[Records excerpted from a collection]
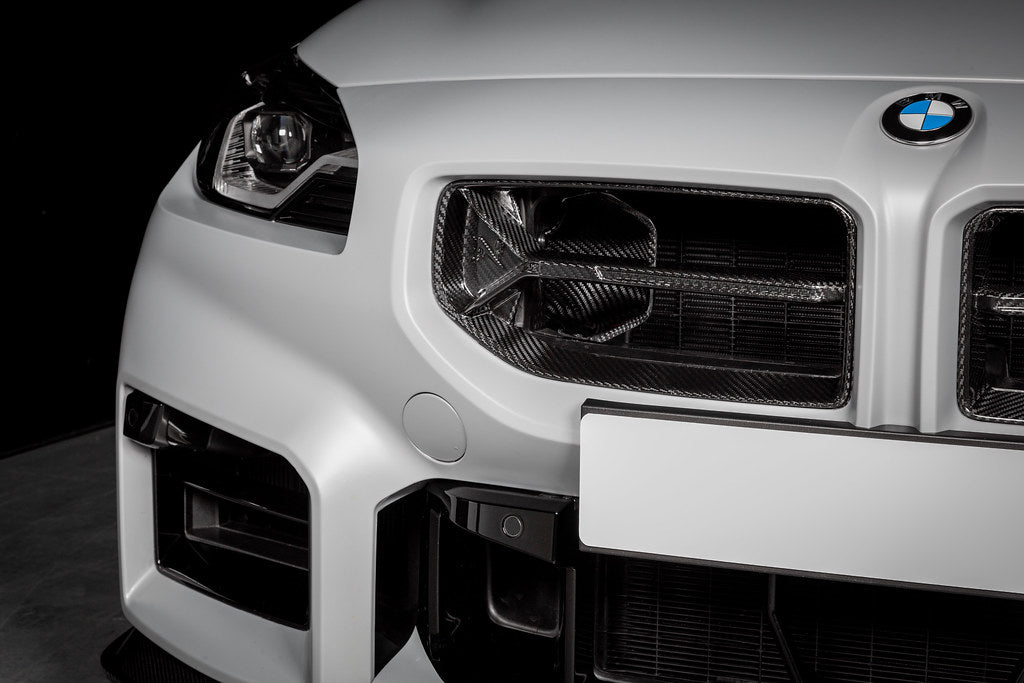 Eventuri Carbon Fiber Intake Scoop Set - BMW M2 (G87) 2023+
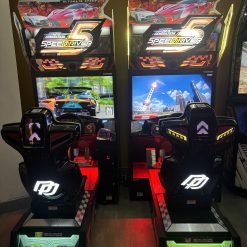 Speed Driver 5 Arcade Machine Hire UK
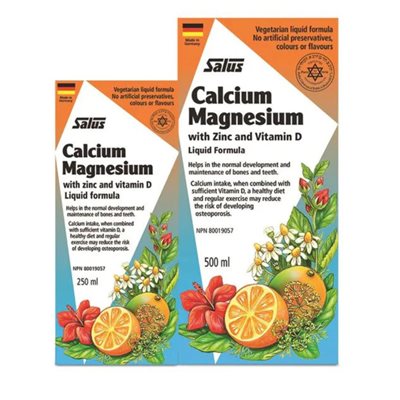 Salus Calcium Magnesium duo bonus format 500ml+250ml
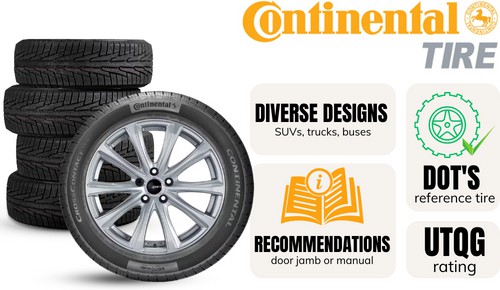 Specifications-of-continental-tire-brand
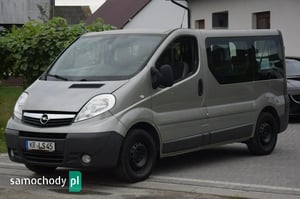Opel Vivaro Bus 2013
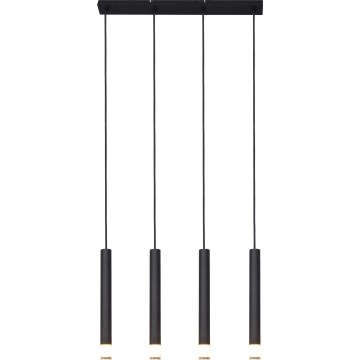 Zuma Line - Luster na lanku 4xG9/5W/230V čierny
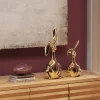 Figurina decorativa Bunny oro 37cm - KARE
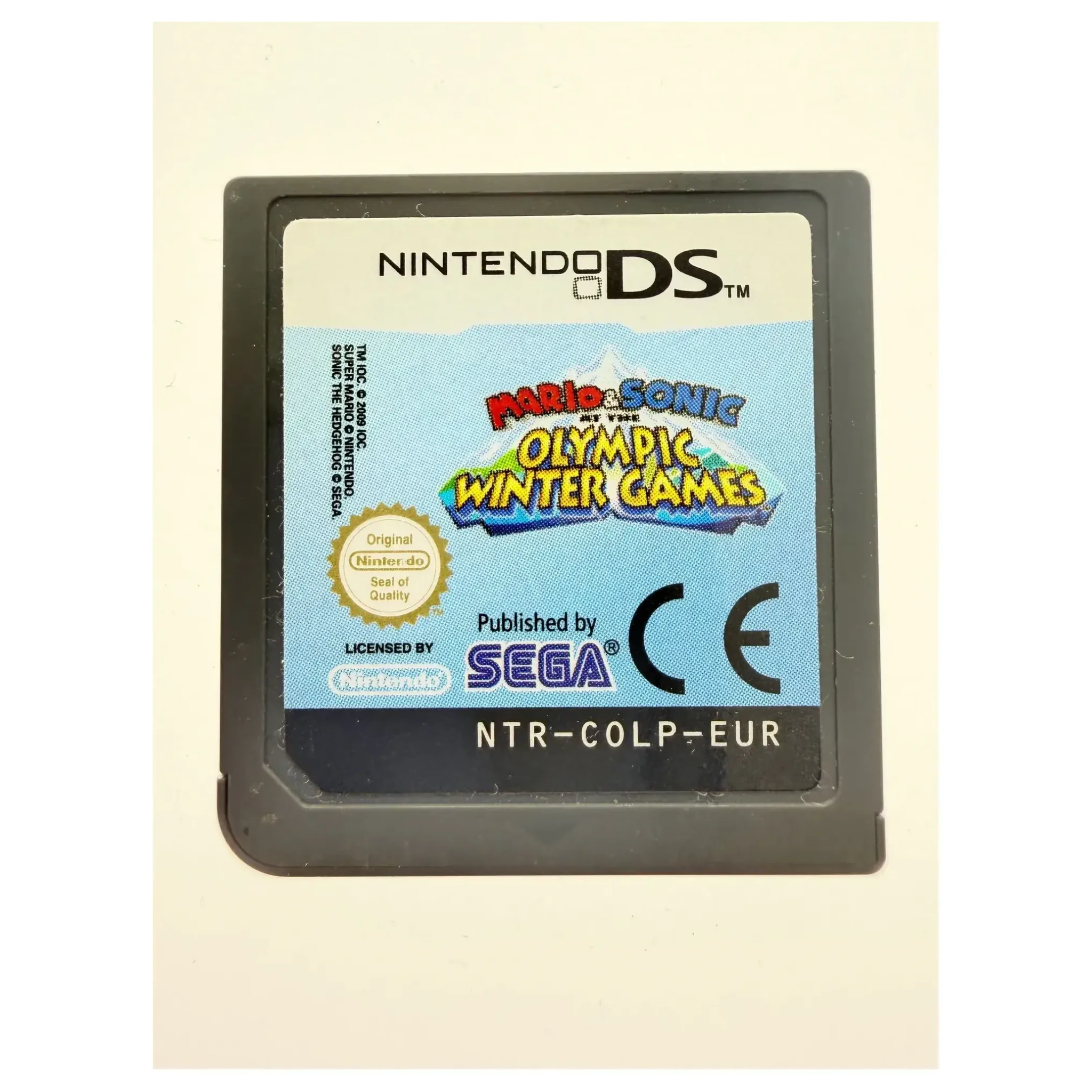 Mario & Sonic at the Olympic Winter Games (Nintendo DS) — Losse cartridge, Goed staat — origineel tweedehands kopen bij Gameshop Enter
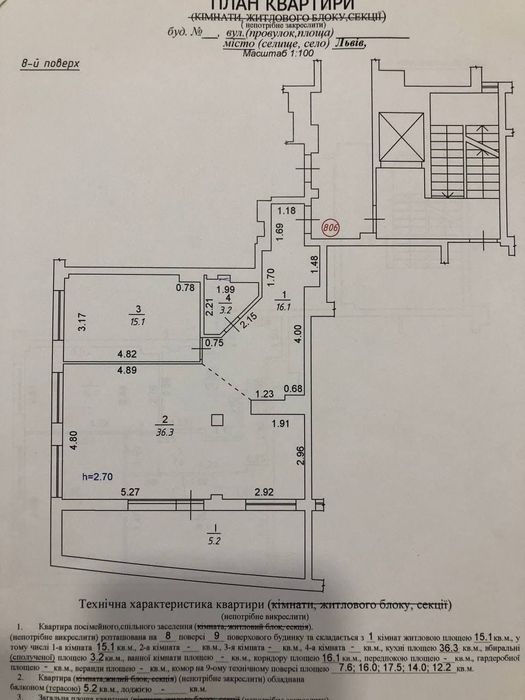 Продається розкішний пентхаус, у Парусi, від власника!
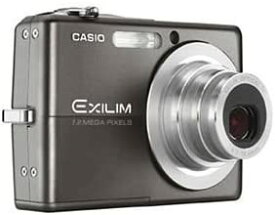 【中古】カシオ計算機 デジタルカメラ EXILIM ZOOM EX-Z700GY(グレー) EX-Z700gy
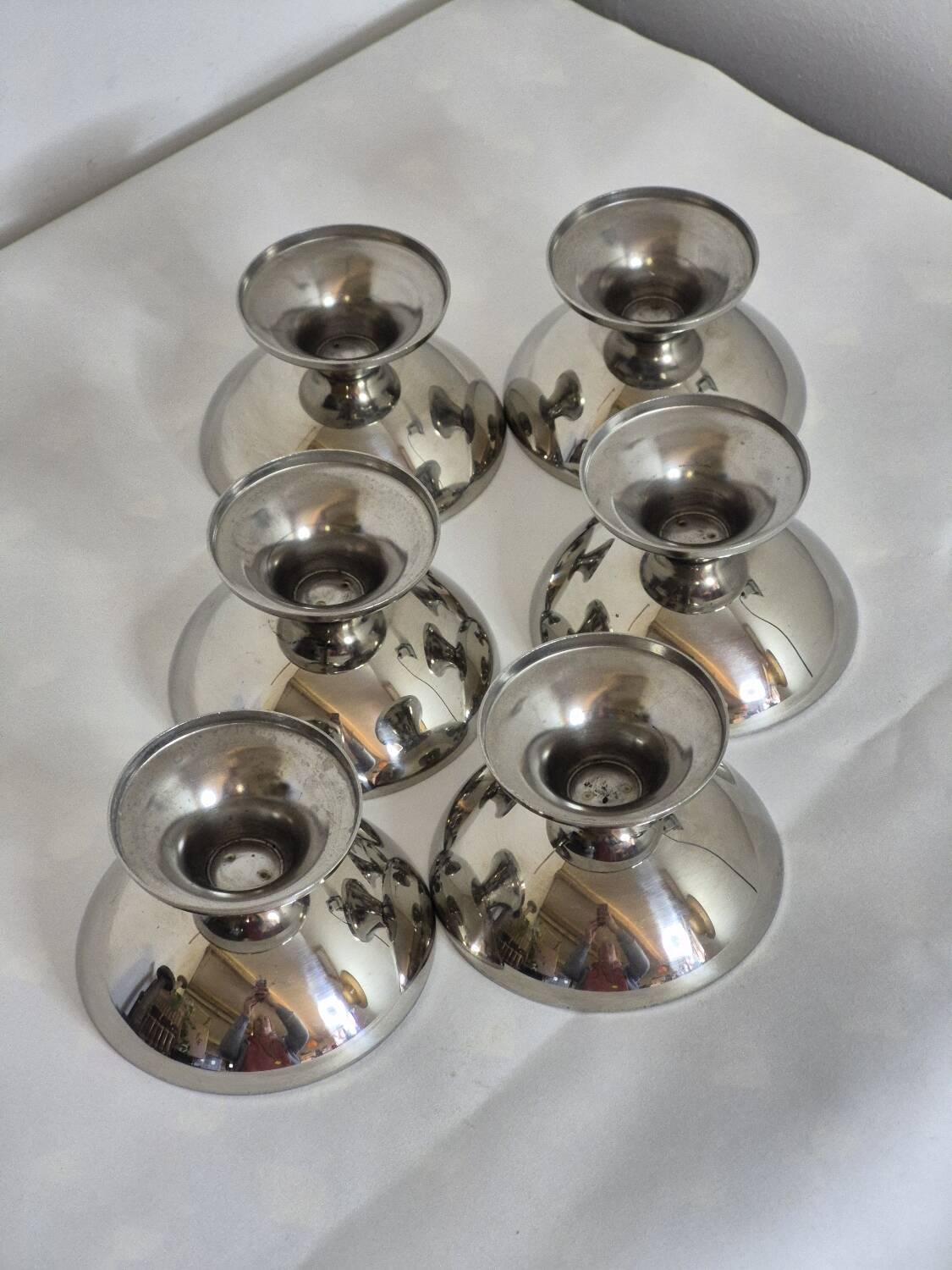 Stainless steel cups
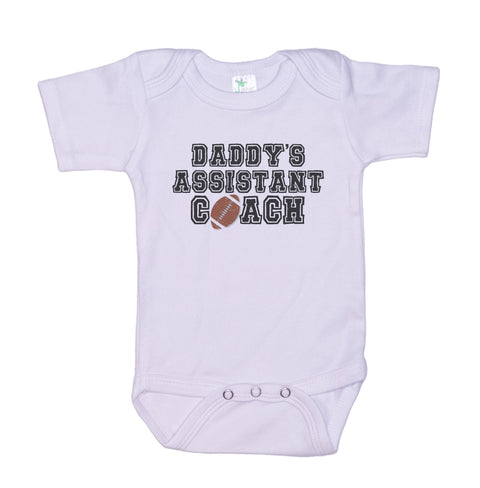 Daddy's Assistant Coach Football Onesie®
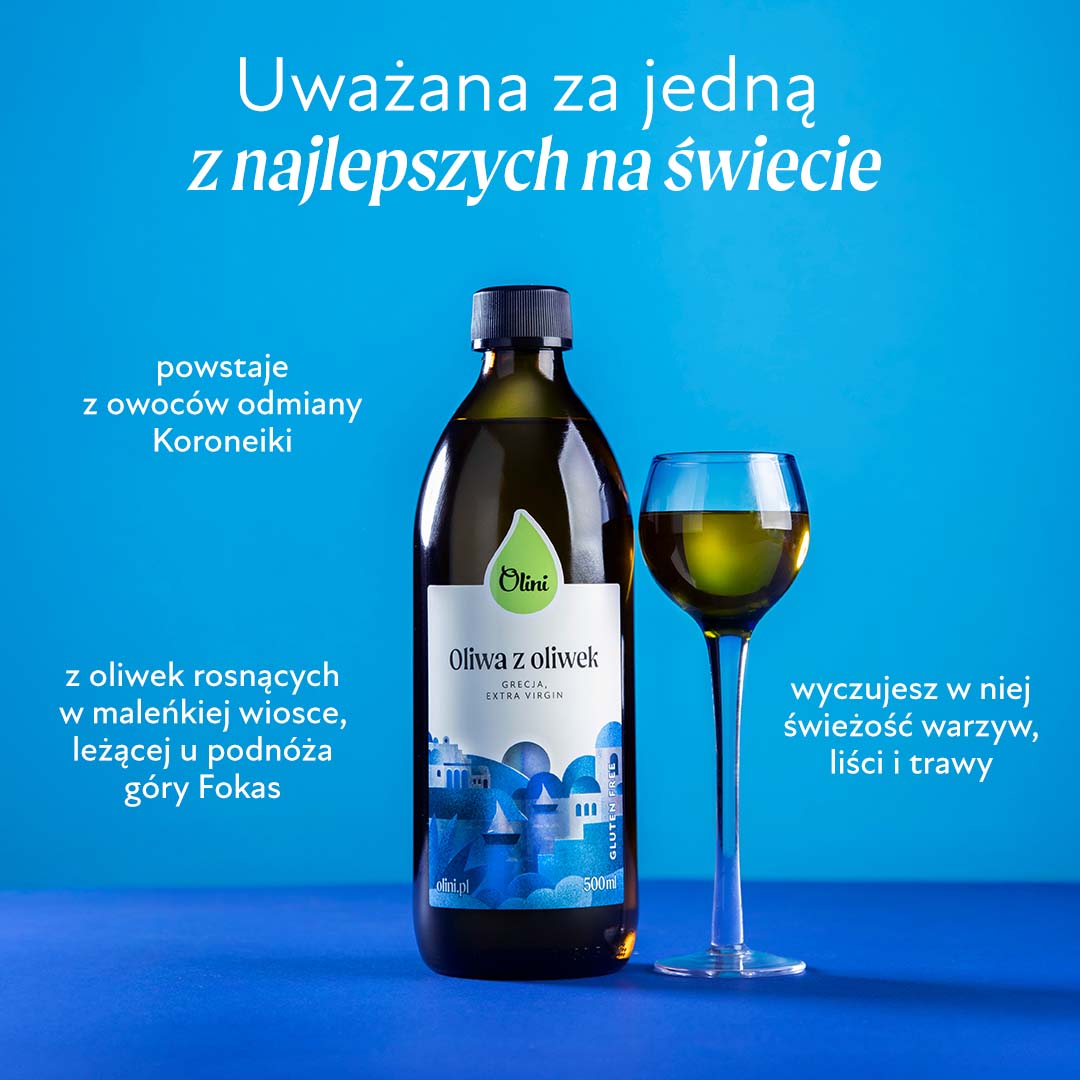 Właściwości greckiej oliwy z oliwek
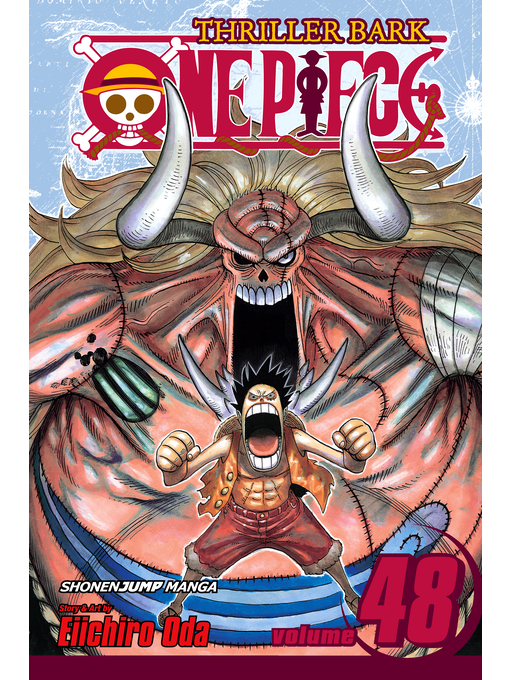 Title details for One Piece, Volume 48 by Eiichiro Oda - Wait list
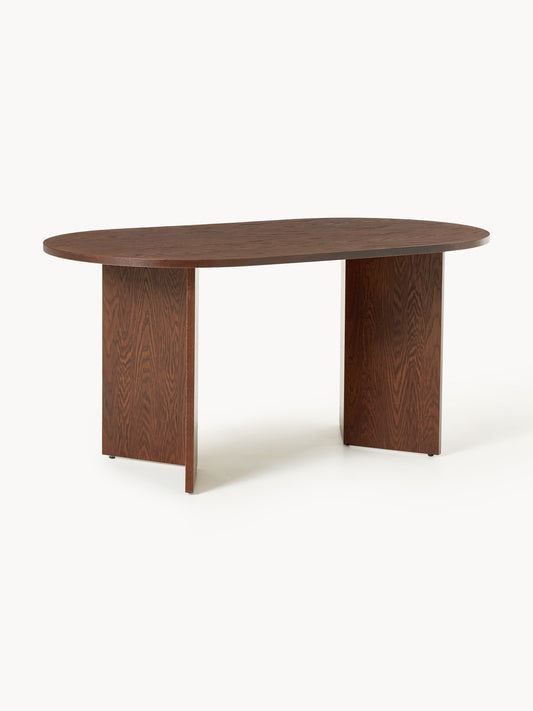 Tonvel Oval Wooden Dining Table, in Various Sizes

• _What you are asked to do_
Reproduce all of the entries word for word, skipping any pictures they hold.

• _Expected output_
 Eventuri Carbon Fiber Intake Scoop Set - BMW M2 (G87) 2023+
 Speed Driver 5 Arcade Machine Hire UK
 Salus Calcium Magnesium duo bonus format 500ml+250ml
 Specifications-of-continental-tire-brand
Opel Vivaro Bus 2013
 Zuma Line - Luster na lanku 4xG9/5W/230V čierny
 Figurina decorativa Bunny oro 37cm - KARE
 Mario & Sonic at the Olympic Winter Games (Nintendo DS) — Losse cartridge, Goed staat — origineel tweedehands kopen bij Gameshop Enter
 Продається розкішний пентхаус, у Парусi, від власника!
 【中古】カシオ計算機 デジタルカメラ EXILIM ZOOM EX-Z700GY(グレー) EX-Z700gy
 Stainless steel cups
 Daddy's Assistant Coach Football Onesie®
 Właściwości greckiej oliwy z oliwek
 Title details for One Piece, Volume 48 by Eiichiro Oda - Wait list
 Tonvel Oval Wooden Dining Table, in Various Sizes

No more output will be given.